IT security managers wanting to increase security budgets should establish KPIs, create scorecards and emphasise how security enables device management, according to speakers at a security and continuity conference in Sydney.
Microsoft Australia's chief security officer Peter Watson said security is now being considered as an enabler of technology, specifically with mobile devices, rather than "an expensive means of peace-of-mind".
"One of the biggest [focus] areas of medium to large business is device management and adequate security controls can allow remote devices to be better utilized," Watson said.
He said duplicating Public Key Infrastructure (PKI) authentication on remote devices is one of the best ways to exemplify the benefits of well-designed security.
Watson said business executives can see the value in a strong security infrastructure because they can also see how valuable their data is to the increasingly money-driven hacking industry.
"Rootkits and botnets are being used in combination for application-specific attacks designed to target valuable data," he said, adding that security will become more recognized as these types of breaches increase locally.
IDC's senior analyst Patrik Bihammar said it is unlikely that Australian IT security regulations will mirror those in the US despite the country's condensed, wealthy IT industry being an "easy target".
"Australia is a big target for identity and data theft because we have a small, rich industry that often has [lax] security measures," Bihammar said.
"Local compliance is driven more so by Europe than the US, but we tend to take a best-practice and common-sense approach to avoid the risk of legal problems and [red tape]."

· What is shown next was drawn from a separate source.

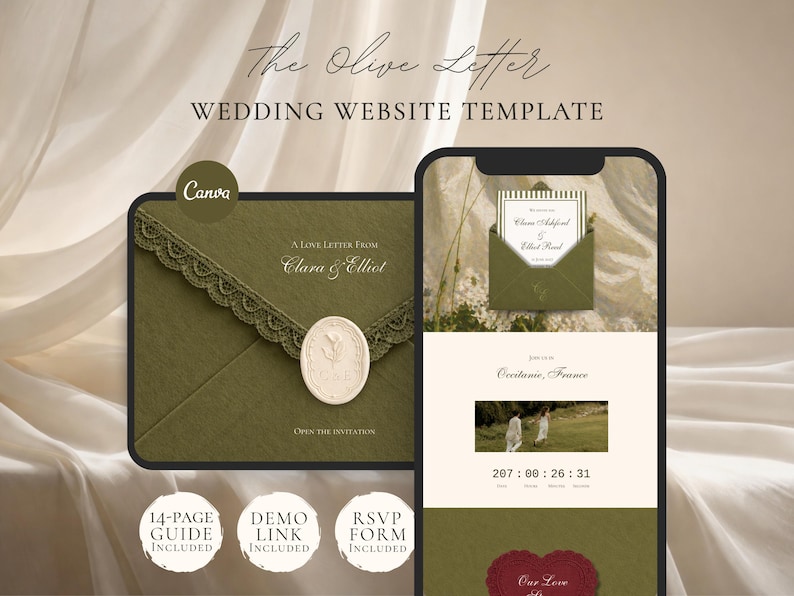 May include: A wedding website template titled The Olive Letter, featuring a digital display of an olive green envelope with a lace edge and wax seal, alongside a mobile phone screen showing invitation details, event location, and a countdown timer.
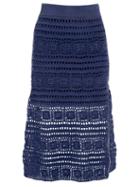 Matchesfashion.com Staud - Marlin Cotton Crochet Midi Skirt - Womens - Navy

He said the billion-dollar data theft market has driven a surge in security spending by IT departments, set to increase by 65 percent from $850 million to $1.3 billion by 2010.
Bihammar and Intelligent Business Research Services (IBRS) security analyst James Turner said that Microsoft, IBM and Oracle will be among the top five security giants following predicted consolidation in the market.
According to Watson, Microsoft's peculiar partnership with Cisco is designed to offer improved network security by combining Cisco's expertise in network access controls with Microsoft's network access protection offerings.